Vista su vida con los ojos del mundo, Josefina Bakhita tenía todo para odiar: secuestrada a los nueve años de edad por negreros esclavistas; vendida como un animal de feria; privada no sólo de su infancia, sino de su adolescencia y de su juventud; humillada; torturada con extrema crueldad –le hicieron 114 incisiones a los trece años para tatuarla y para evitar infecciones le colocaron sal durante un mes, lo cual le provocaba grandes dolores.; privada de su identidad; alejada de su familia y de su patria; tratada como un objeto gran parte de su vida.
         Vista su vida con los ojos del mundo, Josefina Bakhita tenía todo para odiar a muchas personas, comenzando por los negreros que la secuestraron, siguiendo por todos los que la humillaron, y finalizando con sus “amos” que la maltrataron, menos el último, y sin embargo, sus palabras para con esclavistas que arruinaron su vida son: “Si volviese a encontrar a aquellos negreros que me raptaron y torturaron, me arrodillaría para besar sus manos porque, si no hubiese sucedido esto, ahora no sería cristiana y religiosa”.
         Es decir, lejos de odiar, no solo ni siquiera hay el más mínimo rencor hacia sus captores, sino que hay palabras de perdón implícito y, lo más sorprendente, de agradecimiento. Santa Josefina Bakhita contradice al mundo.
¿Cuál es el motivo de este sentir de Bakhita, tan contrapuesto con el mundo? 
         La razón está en sus propias palabras: “Si volviese a encontrar a aquellos negreros que me raptaron y torturaron, me arrodillaría para besar sus manos porque, si no hubiese sucedido esto, ahora no sería cristiana y religiosa”.
         Santa Josefina Bakhita ve, en toda su vida, la Voluntad de Dios, Voluntad que la lleva a la máxima felicidad, que es ser hija de Dios y consagrada: “si no hubiese sucedido esto, ahora no sería cristiana y religiosa”. Para Bakhita, los negreros han sido instrumentos de la Voluntad amorosísima y providente de Dios, que la han llevado a un lugar extraño, sacándola de su ambiente familiar y natural, para que pudiera recibir el don de los dones, el don más grande que un ser humano pueda recibir, y es el ser convertido en hijo adoptivo de Dios; todavía más, para Bakhita había un don del Amor de Dios, destinado para ella, el ser religiosa consagrada, signo de predilección del Amor divino. Si los negreros no la hubieran secuestrado, no habría recibido jamás el bautismo, y no podría haberse ni siquiera enterado que Dios la había amado con amor de predilección desde la eternidad, eligiéndola para ser religiosa. Los caminos de Dios son inescrutables, y para nuestra limitada mente, pueden parecer extraños, como también le parecían a Bakhita, según ella misma lo expresa, cuando dice que “cada día que pasa ama más a Dios”, que “la traído hasta aquí (el Instituto donde fue bautizada y se hizo religiosa) de un modo extraño”. “Extraño”, sí, pero lleno de amor, y de un amor que continúa por la eternidad, tal como lo experimenta ahora Bakhita en los cielos, para siempre.

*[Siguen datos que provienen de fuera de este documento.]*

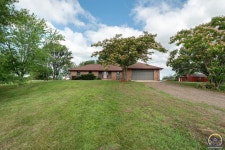 6935 NW Rochester Rd, Topeka, KS 66617 | MLS# 240136 | Trulia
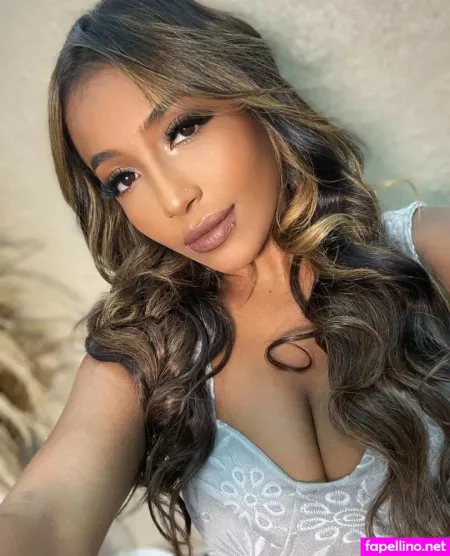 Dreamymoli OnlyFans Thumbnail #pG8MtMBxt3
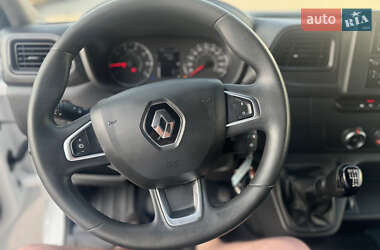 Грузовой фургон Renault Master 2020 в 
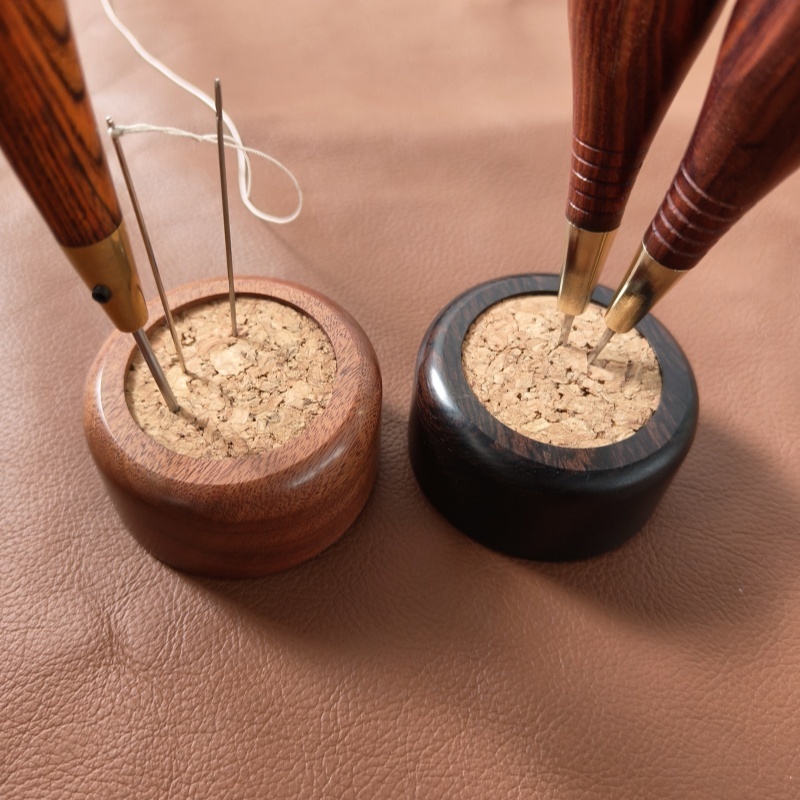 Needles and awls round holder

         Contrariando al mundo, Bakhita muestra amor y agradecimiento a sus captores y a todos los que la humillaron, pero esto no se debe a que Bakhita era “naturalmente buena”. Hay una razón mucho más profunda que explica el amor de Bakhita, y es el participar del Amor de Cristo, derramado con su Sangre en la Cruz. Un amor tan grande como el de Bakhita no tiene explicaciones humanas: se origina en el seno de Dios Trinidad, en el Ser trinitario, en la espiración de Amor mutuo entre el Padre y el Hijo en la Trinidad.
         Este es el motivo por el cual sus palabras: “Si volviese a encontrar a aquellos negreros que me raptaron y torturaron, me arrodillaría para besar sus manos porque, si no hubiese sucedido esto, ahora no sería cristiana y religiosa”, no solo contradicen al mundo, cuyo mandato es la venganza y el rencor, sino que manifiestan el perdón y el Amor de Cristo Dios, perdón y Amor donados sin límites desde la Cruz a toda la humanidad.
         El mensaje de santidad de Santa Josefina Bakhita es entonces, no solo el ver la Voluntad amorosísima de Dios en todos los acontecimientos de la vida, aún y sobre todo aquellos que más dolorosos y extraños puedan ser, sino también la participación en el Amor de Cristo como único medio para amar al prójimo, principalmente si este es enemigo, para así alcanzar el Reino de los cielos.